The Oscars are this Sunday. We won't bore you with our predictions–some of the movies nominated will, invariably, win. If you care about these sorts of things, we heartily recommend The Roxie's annual Oscars get together, but do come stocked: After those first hors d'oeuvres get passed around it's a free-for-all! If you're in the mood to catch up on the nominated films, trek out to Balboa Theatre's Oscar triple feature, otherwise get weird and stay that way with this weekend's picks:
Stop & Go 3-D
For its third installment, the animation showcase Stop & Go, curated by local animator Sara Klein, moves beyond traditional animation and into a new dimension, presenting shorts that tamper with perception and explore the possibility of space outside the frame. Four of the films presented do the heavy lifting with a charmingly traditional method: Classic red-and-blue 3D glasses. Don't worry if you left yours at your parents' house–they'll give them out at the venue! Plays at Artist Television Access, 992 Valencia St, on Friday.
Happy People: A Year in the Taiga
"You can take anything away from a man… his health, his welfare… but you can't take away his craftsman skills." The notion of craft is central to Happy People, a document of the vicissitudes of one season in remote Siberia, both behind and in front of the camera. Herzog's essentially ethnographic doc, which he actually completed in 2010 before his most recent release On Death Row, spends a great deal of time with trappers in the far north of the snowbound land, cataloging, with insight and sensitivity, their methods, means, and, perhaps most heartwarmingly, love for their dogs and pups. Plays at Opera Plaza Cinema, 601 Van Ness Ave, starting Friday.

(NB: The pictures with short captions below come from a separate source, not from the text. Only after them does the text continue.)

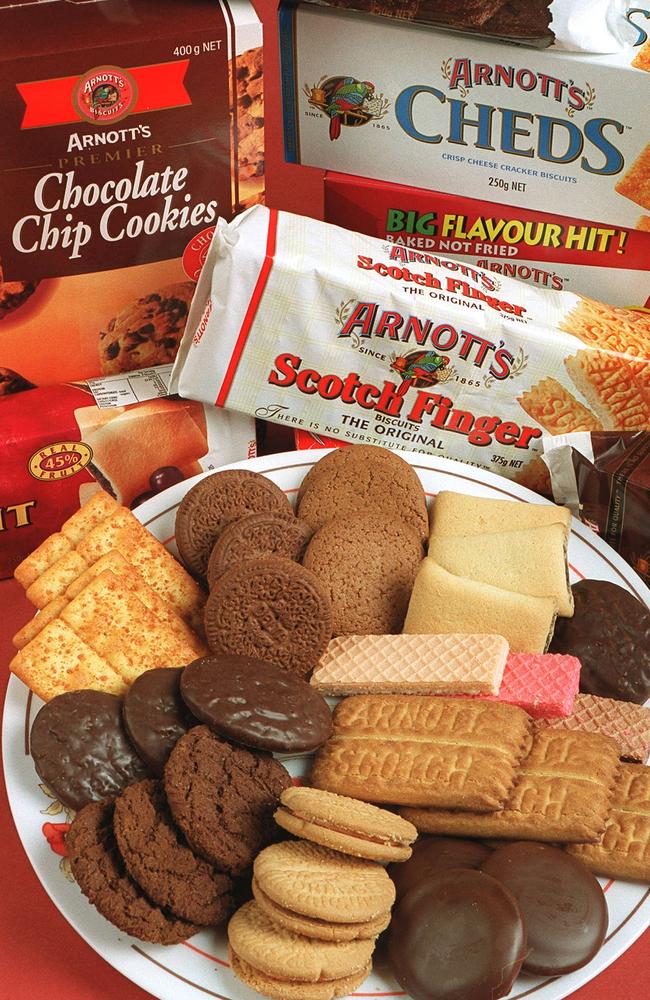 Arnotts Transforms Wagon Wheel Jatz Iced Vovo Biscuits Into Chocolate Blocks Au 4440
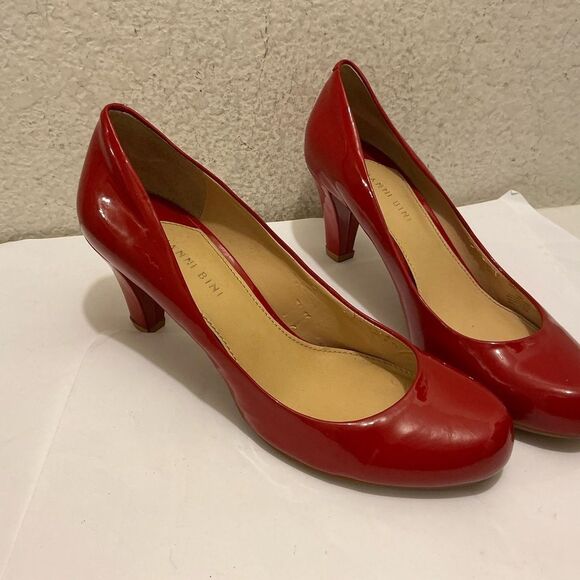 Gianni Bini Classic Red Heels - Picture 2 of 9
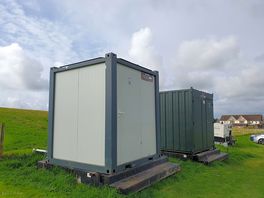 Toilet/shower cabins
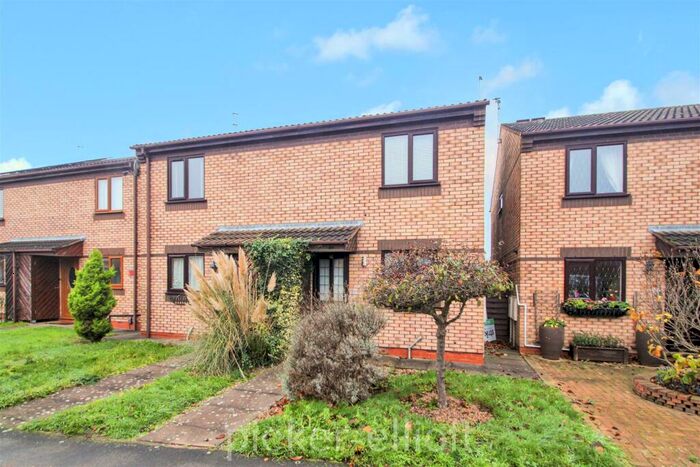 3 Bedroom Semi-Detached House To Rent In Glenbarr Drive, Hinckley, LE10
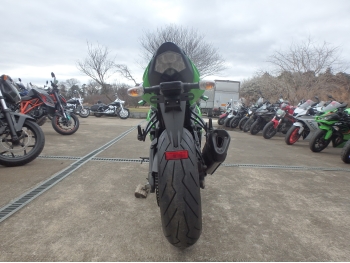 �������� �� ������ �������� Kawasaki ZX-6R 2009 ���� 11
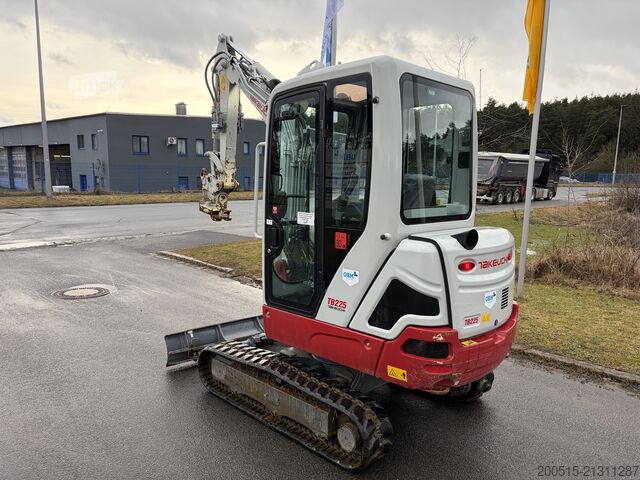 Minibagger Takeuchi TB 225A V3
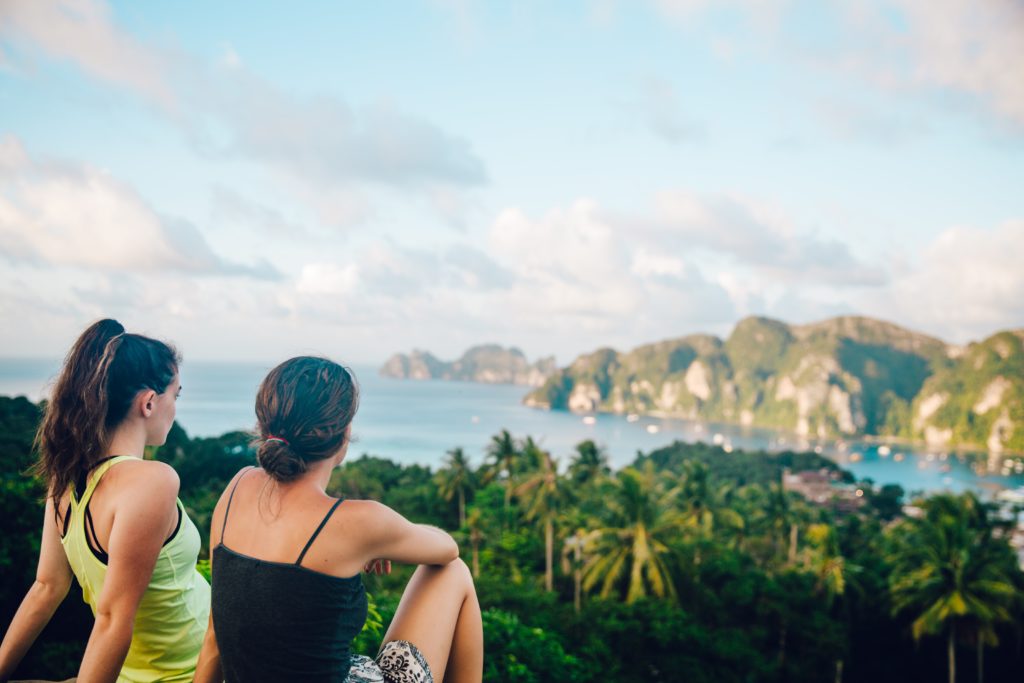 Amies en thailande unsplash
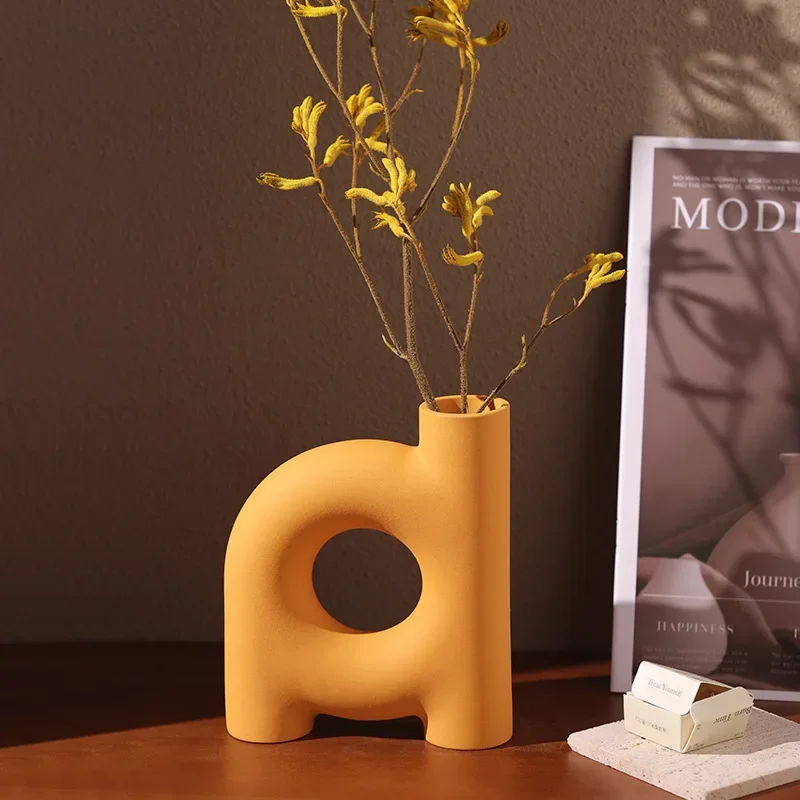 Creative Geometric Pipeline Ceramic Vase Hollowed-out Letters Flower Vase Flower Arrangement Accessories Flowerpot Home Decor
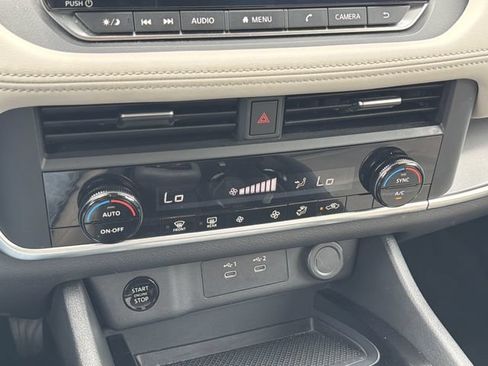 Used 2025 Nissan Rogue SV FWD image 12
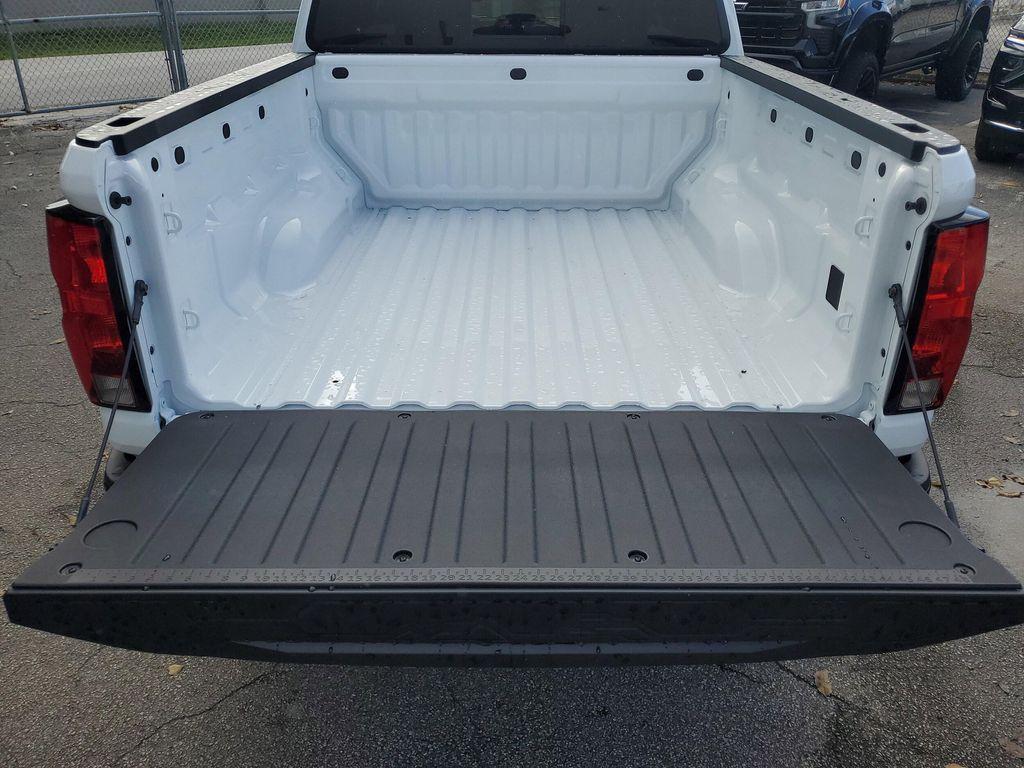 new 2026 Chevrolet Colorado car, priced at $31,046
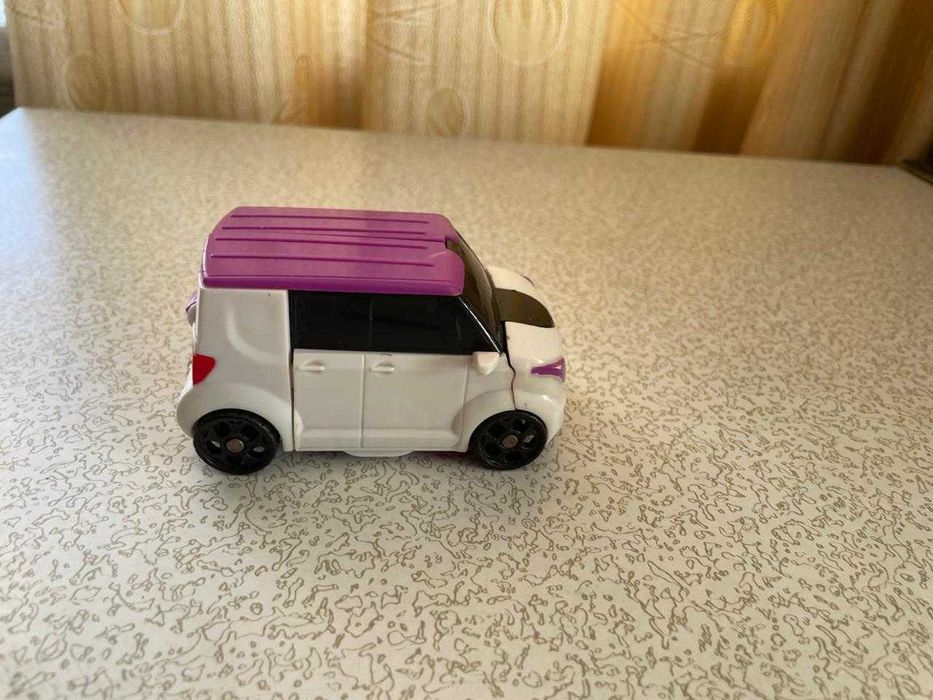 Машинки трансформеры разные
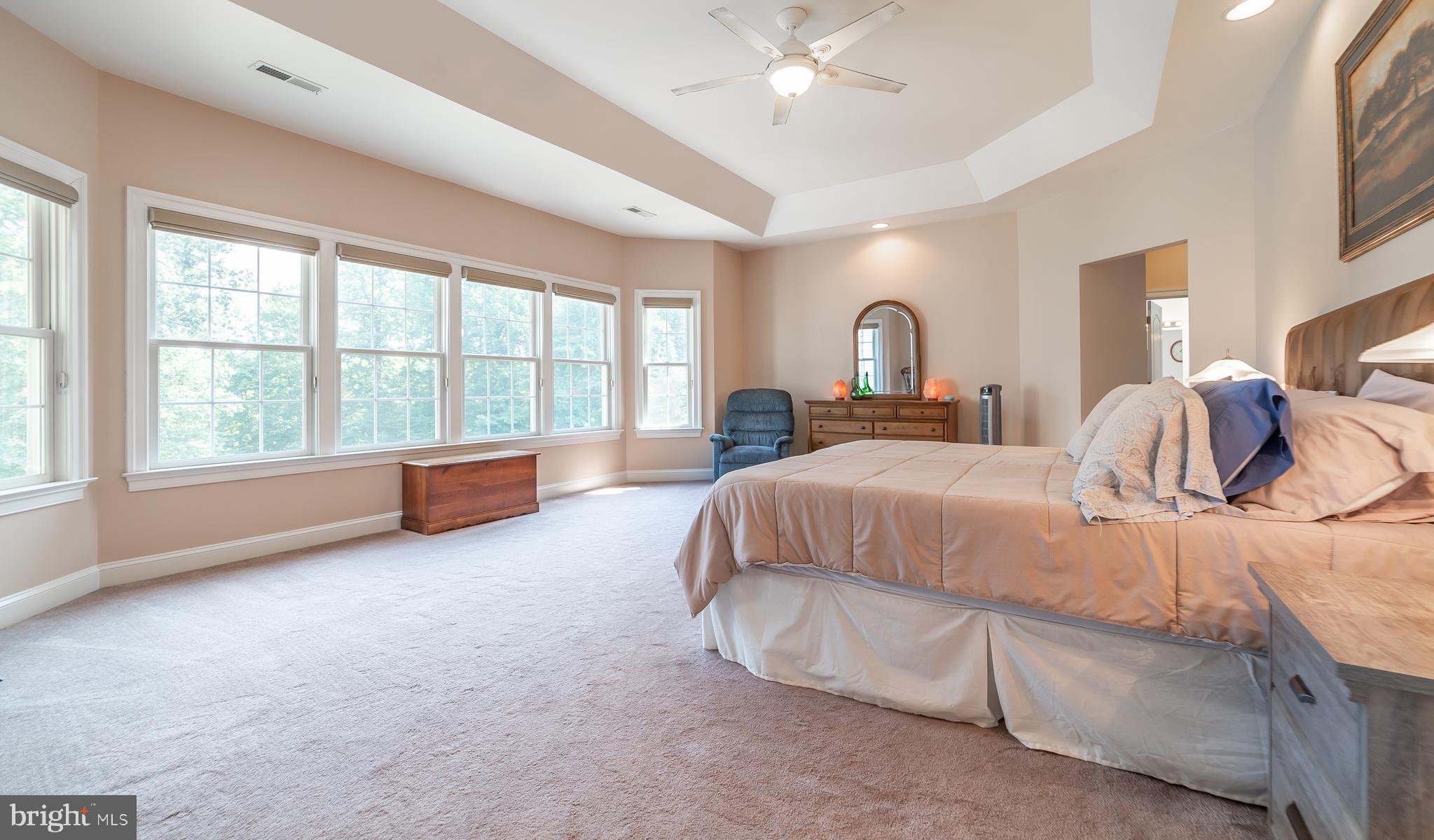 COMPASS POINTE - Residential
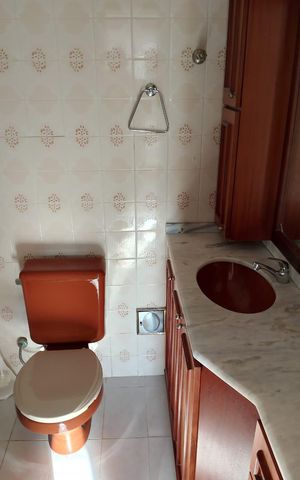 Apartamento para alugar com 180m², 2 quartos e 1 vaga Apartamento para alugar com 180m², 2 quartos e 1 vagaBanheiro 2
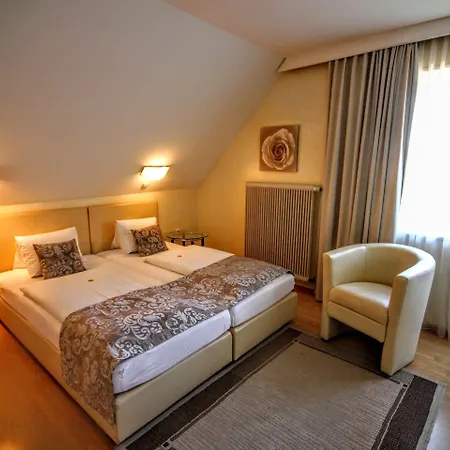 Roesch Hotel Klagenfurt am Woerthersee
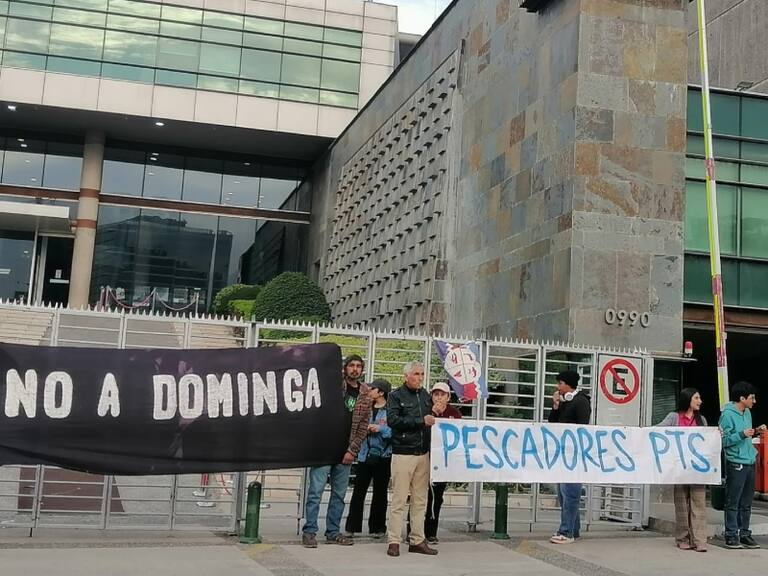 Gremios de La Higuera llegan a Santiago para protestar contra proyecto Dominga: entregarán un petitorio al Presidente Boric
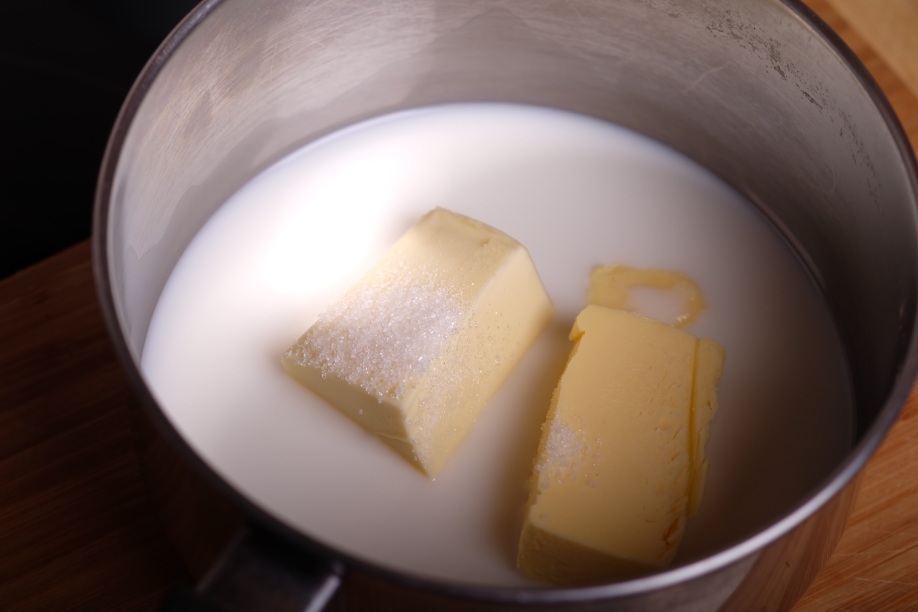 Масло в горячую воду сливочное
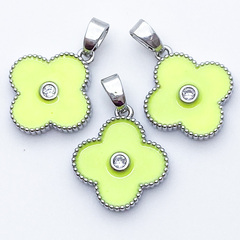 Подвеска Клевер, цвет серебро+желтый, размер 16*14 мм, цена за 1 шт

Expanded Cinema and Intermedia: Films by Terayama, Matsumoto and Miyai
Yerba Buena screens three experimental Japanese shorts united by their use of then-burgeoning techniques exploring multiple project in theatre, as part of the ongoing series Fragments of Japanese Underground Cinema. Tonight's highlight is controversial Shuji Terayama's Emperor Tomato Ketchup, a prime example of the type of filmmaking engendered by the Art Theatre Guild, an independent film company which spawned not only the careers of numerous avant-garde directors, but expanded Japanese cinema into regions unknown. Even more than 40 years removed, these films are still radical in their ability to shock, transgress and innovate. Check out a sample of Terayama's out-there oeuvre below (NSFW!). Plays at YBCA Screening Room, 701 Mission St, tonight.
The Gatekeepers
Israeli cinematographer Droh Moreh interviews six former heads of the Israeli intelligence agency, Shin Bet in this candid doc. While providing rare insight into progress of peace in the region, each share tense histories that ultimately reveal doubts about Israel's hard-line political approach. Anyone still suffering ideological frustrations from the tight-lipped procedural stonewalling of Ra'anan Alexandrowicz's recent investigation into the Israeli justice system, The Law In These Parts, will likely find themselves more than consoled by this Oscar-nominated doc. Plays at Embarcadero Center Cinema, 1 Embarcadero Center, starting Friday.
The Love-Ins
In the mid-60s all the straights were wondering who these "hippies" were. What were they really about? What was their game plan? What did it mean to "tune in"? Always loath to produce a straight answer, Hollywood gave the public the ur-hippysploitation acid parable The Love-Ins, a Leary-inspired romp which features both copious psychedelics and appearances by psychedelic musical acts from the time. If they didn't like it, tough. As one establishment type says in the flick: "My advice to you is to go back to San Francisco, and move in with those other animals on Haight Street!" Shows alongside the light-hearted alien valentine The Love War. Plays at The Vortex Room tonight.